In part they attribute the lack to the dominance of the "regime of the visual", a tendency in modern Western culture to focus on sight, a subject of much contemporary analysis. They claim that sounds cannot be objectified as easily as sights. Yet another problem exists in merely thinking about sound within a culture that so readily and pervasively privileges the eye over the ear. Visuality is so embedded that attempts at redress seem doomed to tautology. Many contemporary theories and philosophies, in fact, invoke aural, sonic, musical, and preguttural metaphors at the points where they are unable to speak, at the limits of language. How can we then rely on the same theories and philosophies to query the very sounds heard during such moments of matriculation? How, for instance, can listening be explained when the subject in recent theory has been situated, no matter how askew, in the web of the gaze, mirroring, reflection, the spectacle, and other ocular tropes? Visually disposed language, furthermore, favors thinking about sound as an object, but sound functions poorly in this regard: it dissipates, modulates, infiltrates other sounds, becomes absorbed and deflected by actual objects, and fills a space surrounding them. Other parts of this book will suggest that expanding the scientific, technological and artistic attention given to other senses (touch, kinesthetic, taste, and smell) will also open up new cultural issues.

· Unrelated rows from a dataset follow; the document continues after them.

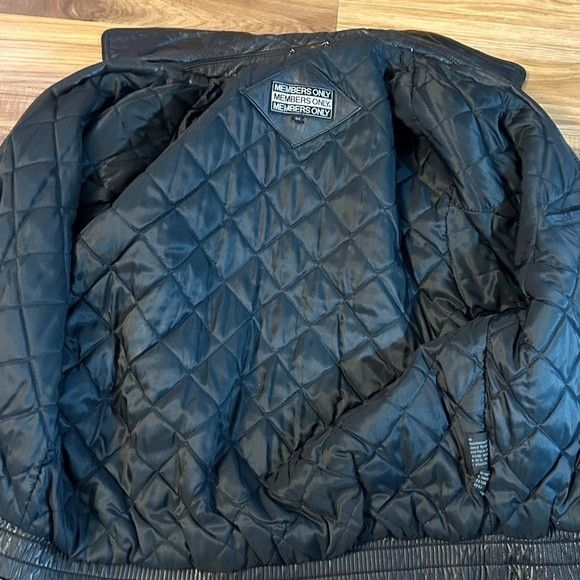 Members Only Vintage Retro 80s Mens Black Leather Bomber Jacket~44~ Size US L / EU 52-54 / 3 - 5 Thumbnail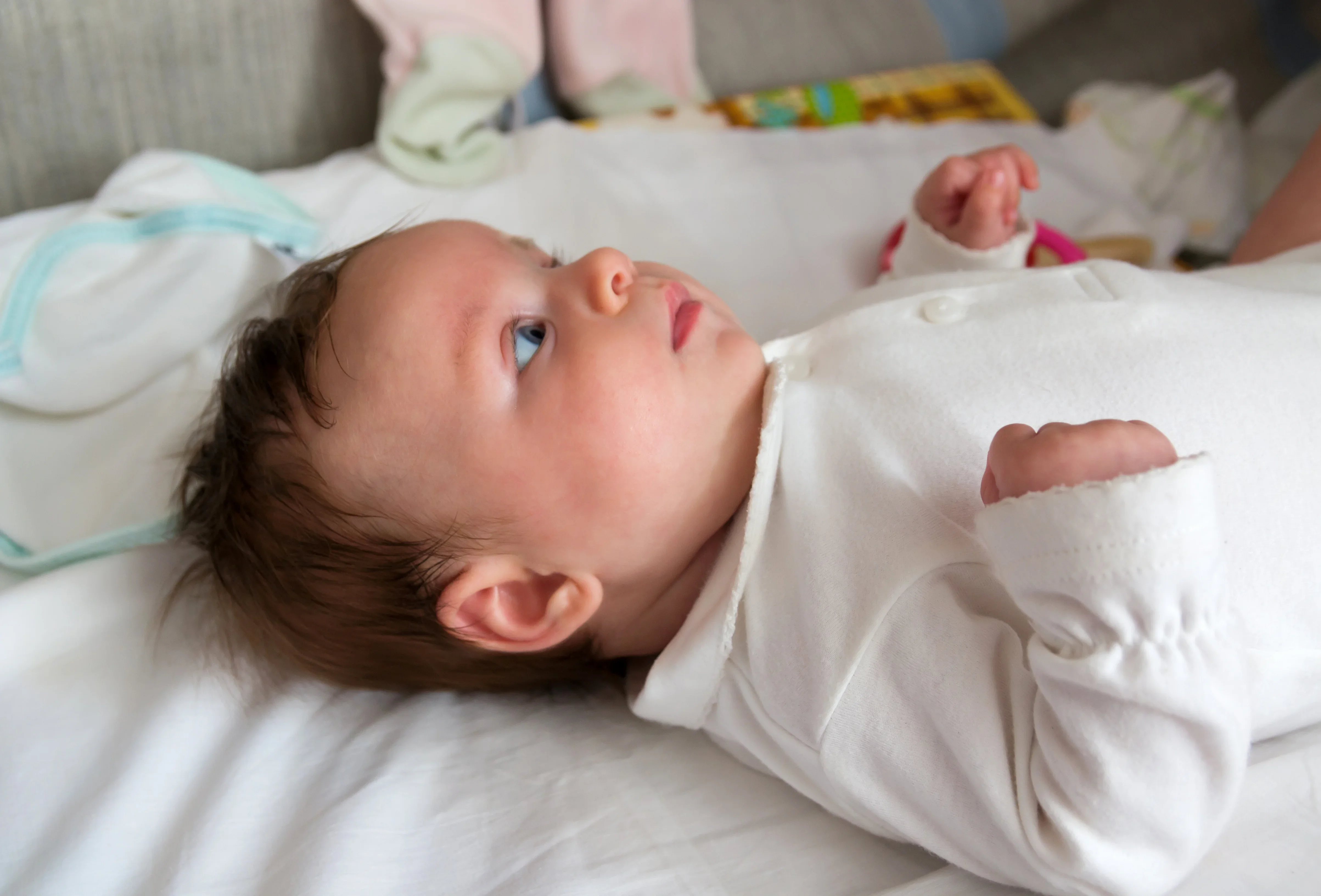 Падіння народжуваності айтоських немовлят за кордоном та невелике зростання шлюбів у 2025 році.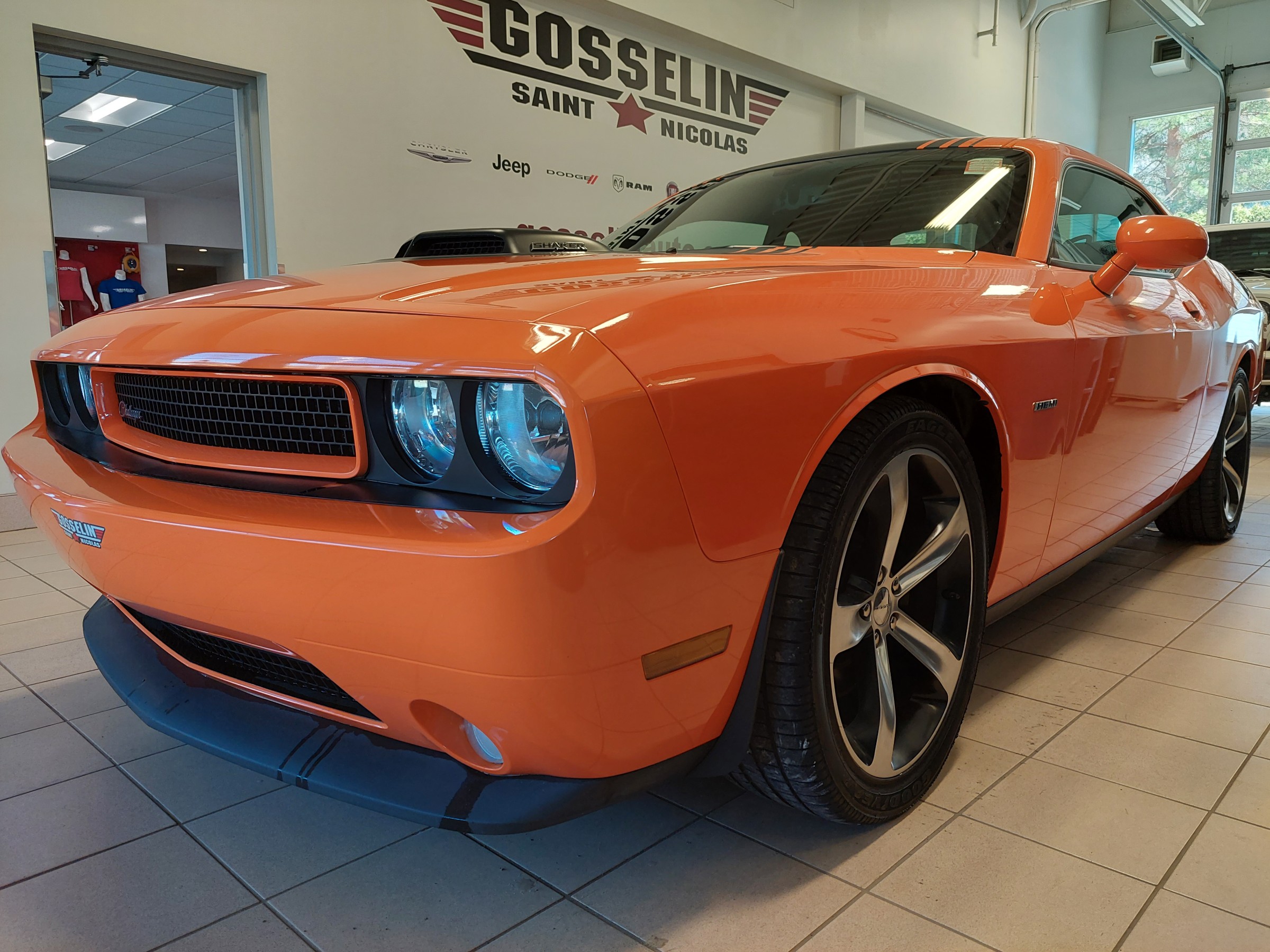2014 Dodge Challenger R/T - 40,000km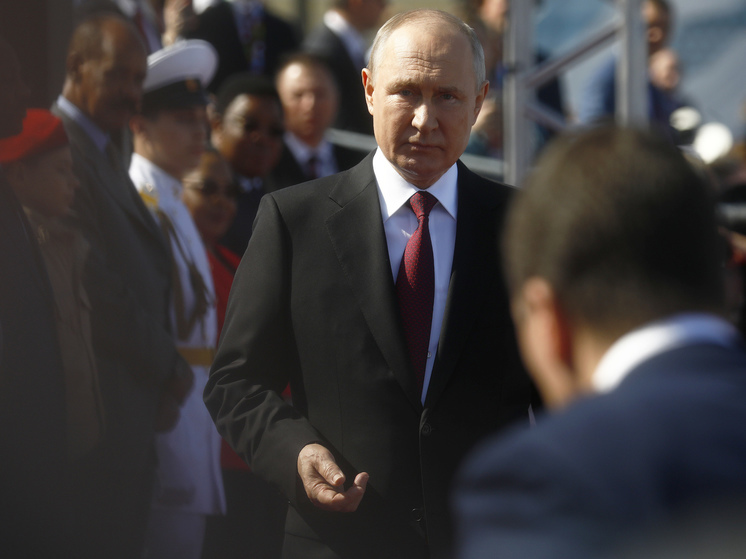 Путин и лидеры стран Африки посетили Кронштадт в День ВМФ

The authors also note the privileging of "music" in Western thought about sound. Tendencies such as modernist autoreferentiality, the quest for nonobjectivity, the dynamics of musical rules, and music's mystical associations with the sublime all mitigated against a culturally expansive approach to sound. Even the avant-garde traditions the book described-- except possibly Surrealism-- often framed their work as the expansion of music. As a result of its august tradition Western music did not deal well with mass media, new technologies, and interactions with folk and non western traditions.

Only recently has a significant sound arts movement emerged of sound installation, audio, and radio experimental artists. These artists have undertaken projects such as "the radicalization of sound/image relationships" and of "acoustics in architectural, environmental, or virtual space". Technological innovations and sound art experimentation have always gone hand in hand. Kahn and Whitehead explain this relationship in part by teasing out the profound cultural implications of the new sound technologies.

For example, sound recording had a major effect on thought. It raised the spectre of technologizing the body and suggested access to previously unexplored regions such as the afterlife and the unconscious. Radio similarly inspired the artistic imagination. It raised ides of disembodiment -- a sound could exist in two distant spaces at once. It referred to "the expanses of the ocean, to crowds, to other lands, and to the otherness of the unexplored globe." Even more it could shake up categories of thought -- suggesting the inflow of ideas in a non linear way from many sources at once. Innovations inspire the artists and then they take it forward - both exploring its cultural meanings missed by technical practitioners and themselves inventing new technical extensions. It is a pattern often repeated.